## Work instructions
Reprint all of the data below exactly as shown and skip every image.

## Task input
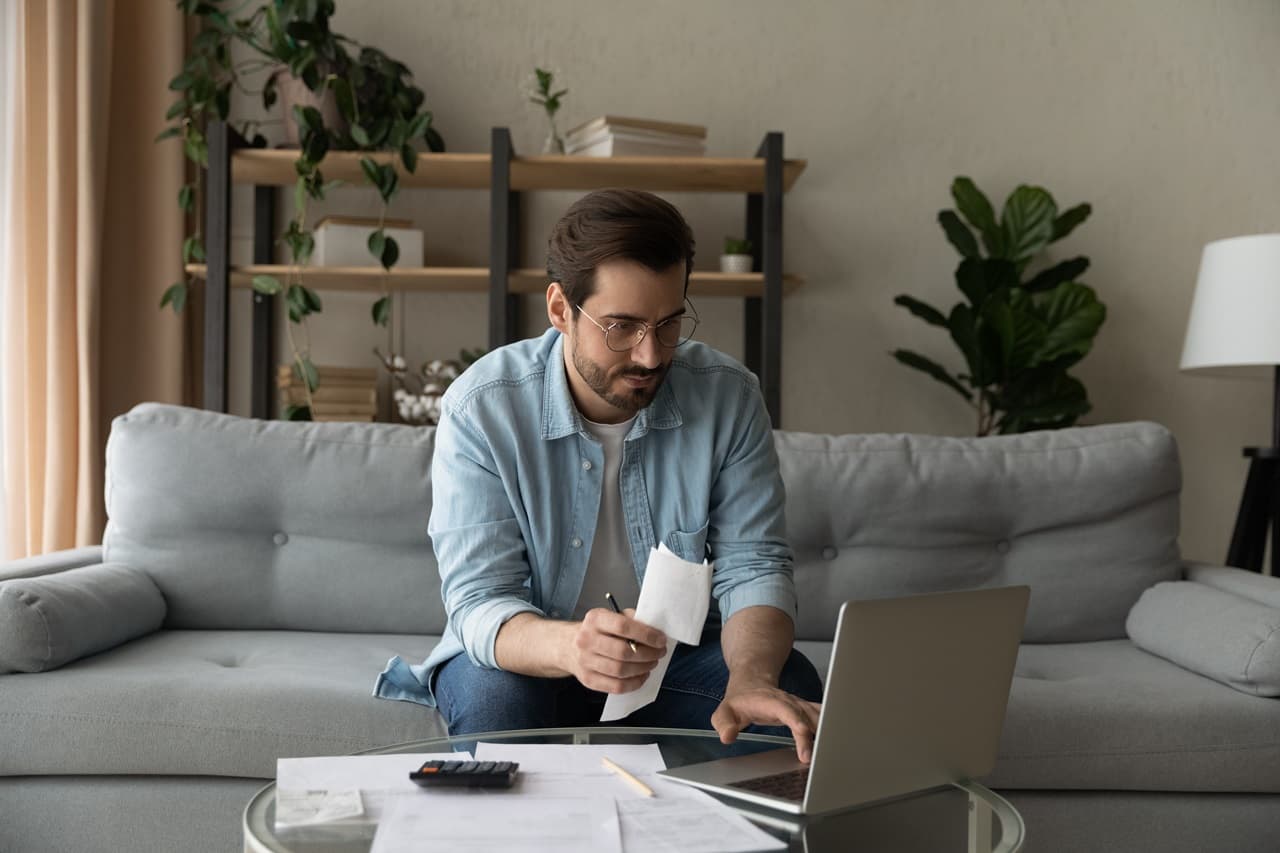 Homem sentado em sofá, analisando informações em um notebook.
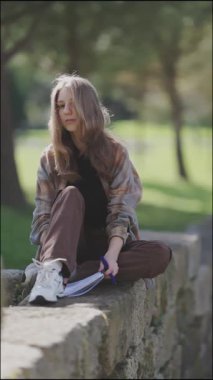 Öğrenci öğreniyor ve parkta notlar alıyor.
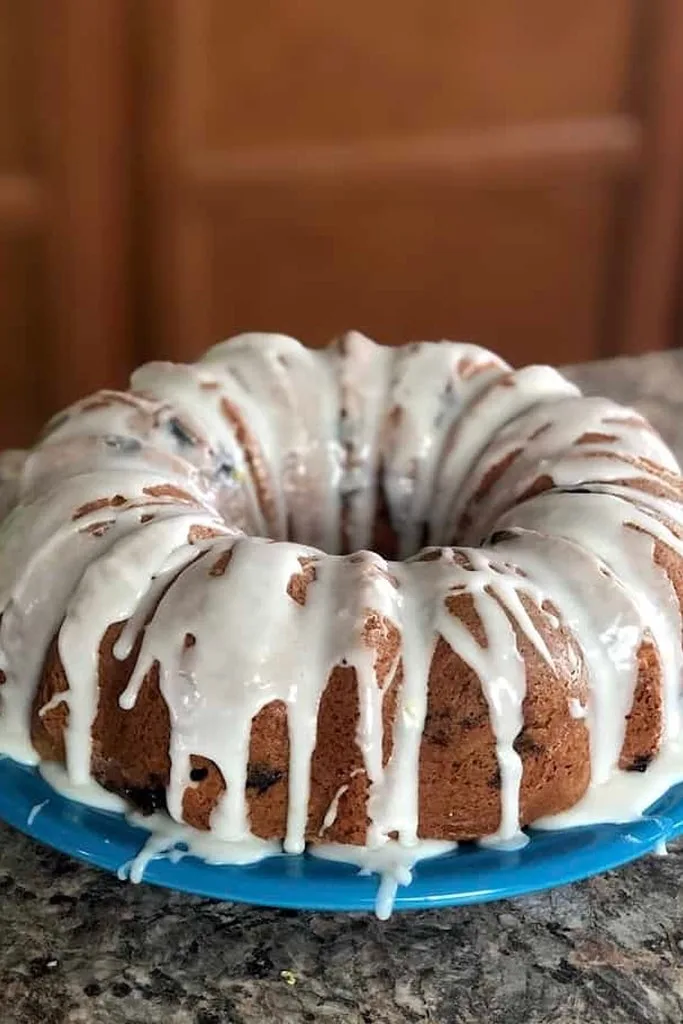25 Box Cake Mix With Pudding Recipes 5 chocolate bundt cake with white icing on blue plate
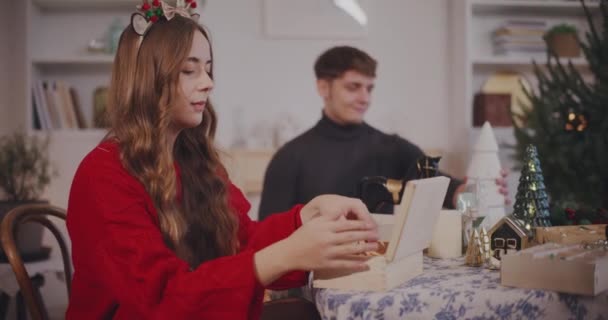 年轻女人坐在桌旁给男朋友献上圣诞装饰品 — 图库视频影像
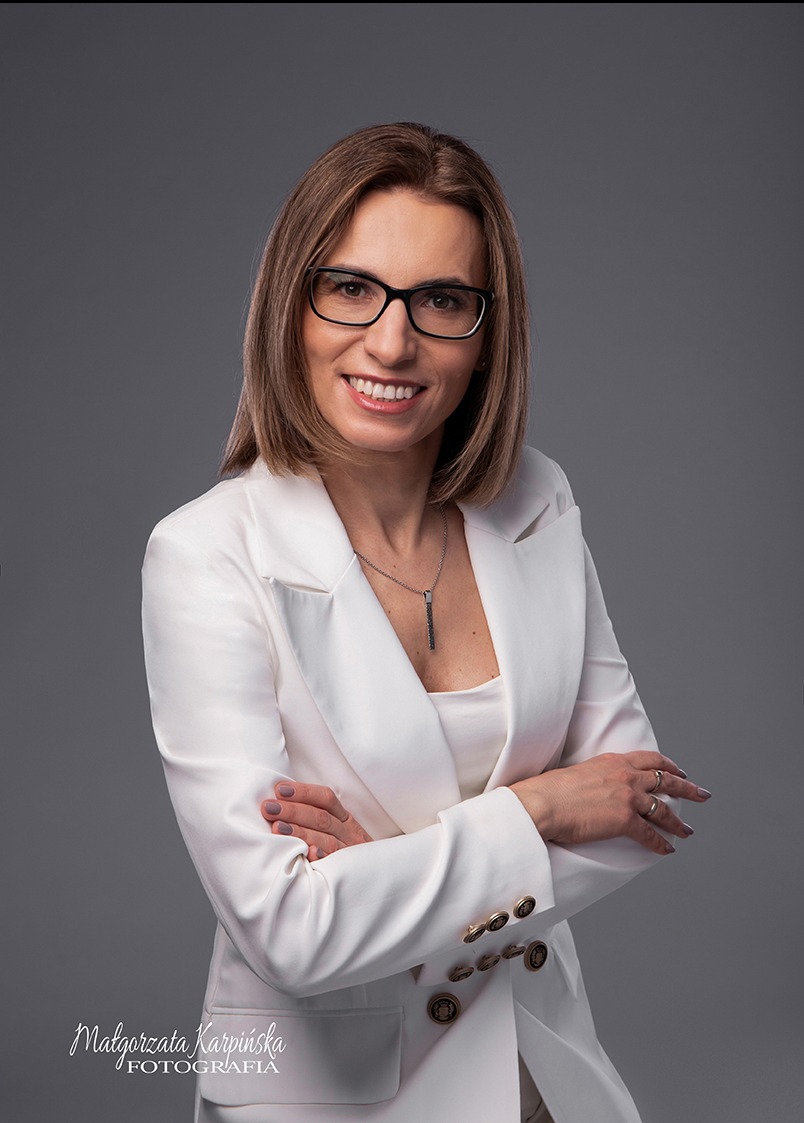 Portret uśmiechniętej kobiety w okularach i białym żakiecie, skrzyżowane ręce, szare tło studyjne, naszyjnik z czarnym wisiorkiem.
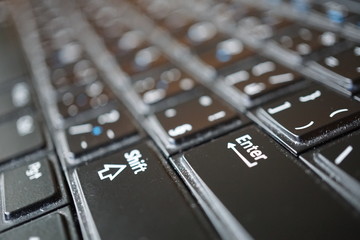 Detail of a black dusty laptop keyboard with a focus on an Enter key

## Solution
 Homem sentado em sofá, analisando informações em um notebook.
 Öğrenci öğreniyor ve parkta notlar alıyor.
25 Box Cake Mix With Pudding Recipes 5 chocolate bundt cake with white icing on blue plate
 年轻女人坐在桌旁给男朋友献上圣诞装饰品 — 图库视频影像
 Portret uśmiechniętej kobiety w okularach i białym żakiecie, skrzyżowane ręce, szare tło studyjne, naszyjnik z czarnym wisiorkiem.
 Detail of a black dusty laptop keyboard with a focus on an Enter key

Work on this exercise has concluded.